Task requirements:
Could the data below be printed out exactly, with the pictures left out?

** Supplied information follows **

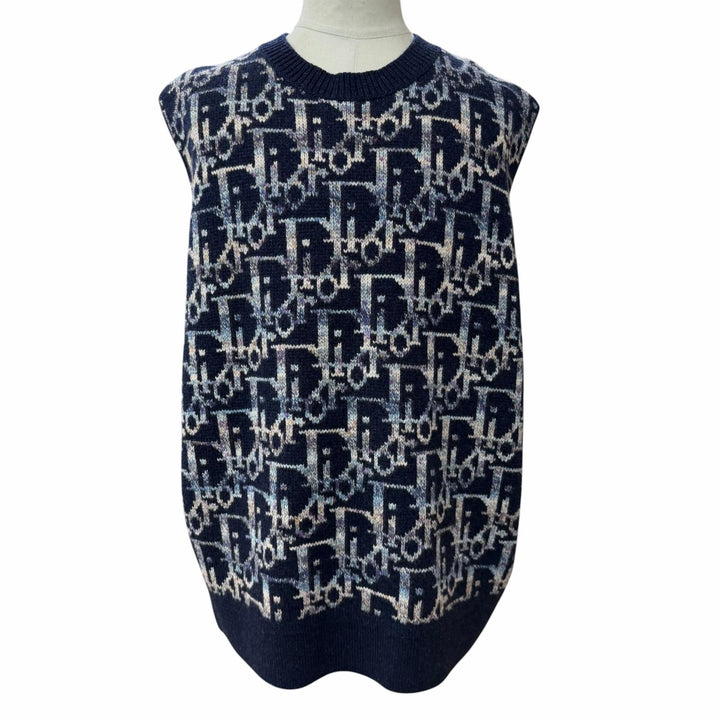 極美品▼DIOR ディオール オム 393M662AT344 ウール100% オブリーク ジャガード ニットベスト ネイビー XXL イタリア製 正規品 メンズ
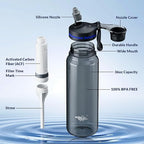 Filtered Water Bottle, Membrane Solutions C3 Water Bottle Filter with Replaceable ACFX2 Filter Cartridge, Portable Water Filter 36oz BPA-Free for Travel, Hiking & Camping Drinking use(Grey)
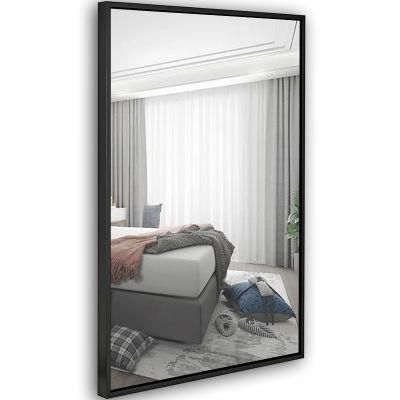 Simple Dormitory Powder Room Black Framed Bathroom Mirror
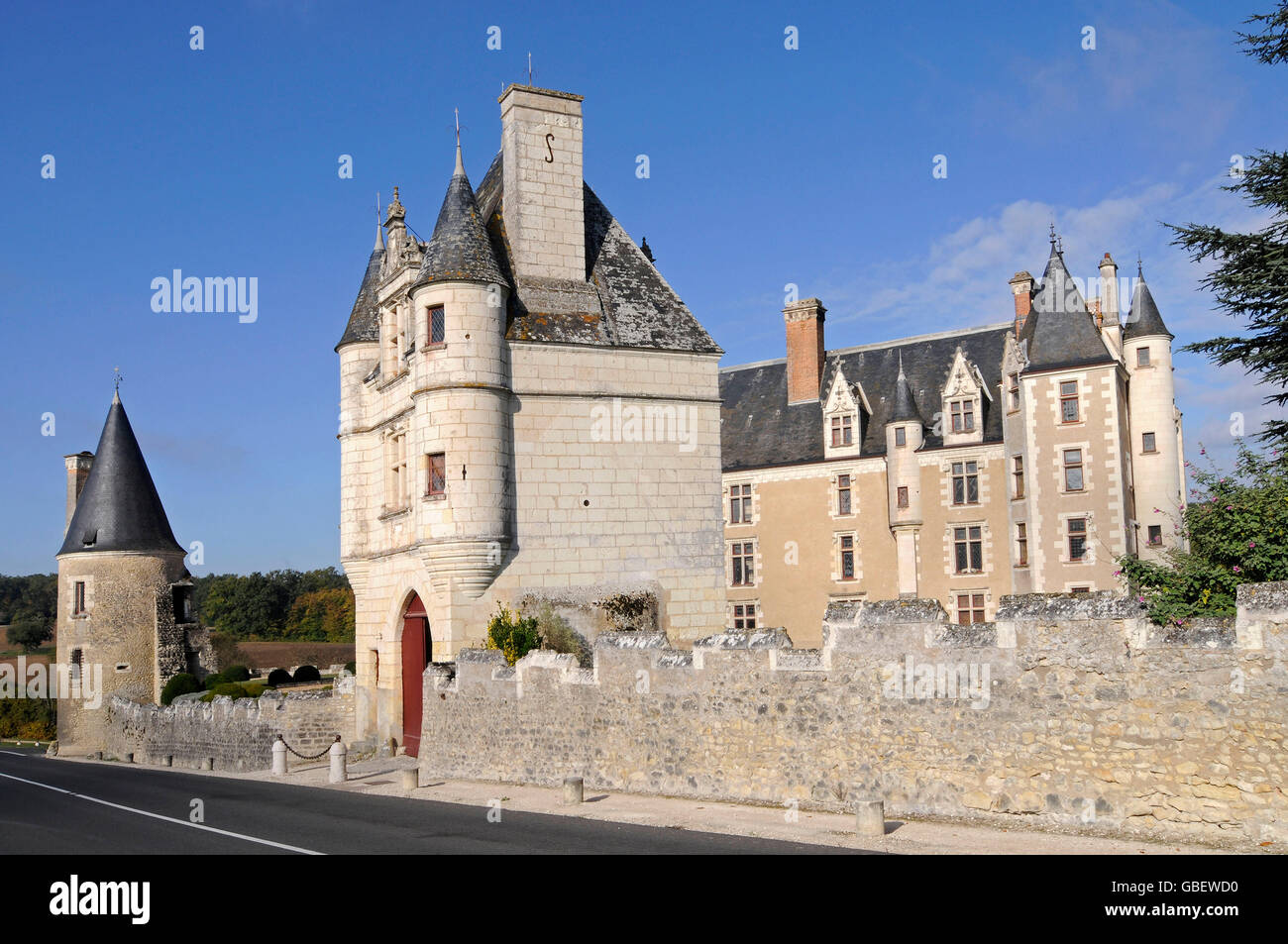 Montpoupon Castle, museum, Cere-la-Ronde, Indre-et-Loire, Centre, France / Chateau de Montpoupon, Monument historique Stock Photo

** End of Supplied information **

Completed task:
 極美品▼DIOR ディオール オム 393M662AT344 ウール100% オブリーク ジャガード ニットベスト ネイビー XXL イタリア製 正規品 メンズ
 Filtered Water Bottle, Membrane Solutions C3 Water Bottle Filter with Replaceable ACFX2 Filter Cartridge, Portable Water Filter 36oz BPA-Free for Travel, Hiking & Camping Drinking use(Grey)
 Simple Dormitory Powder Room Black Framed Bathroom Mirror
 Montpoupon Castle, museum, Cere-la-Ronde, Indre-et-Loire, Centre, France / Chateau de Montpoupon, Monument historique Stock Photo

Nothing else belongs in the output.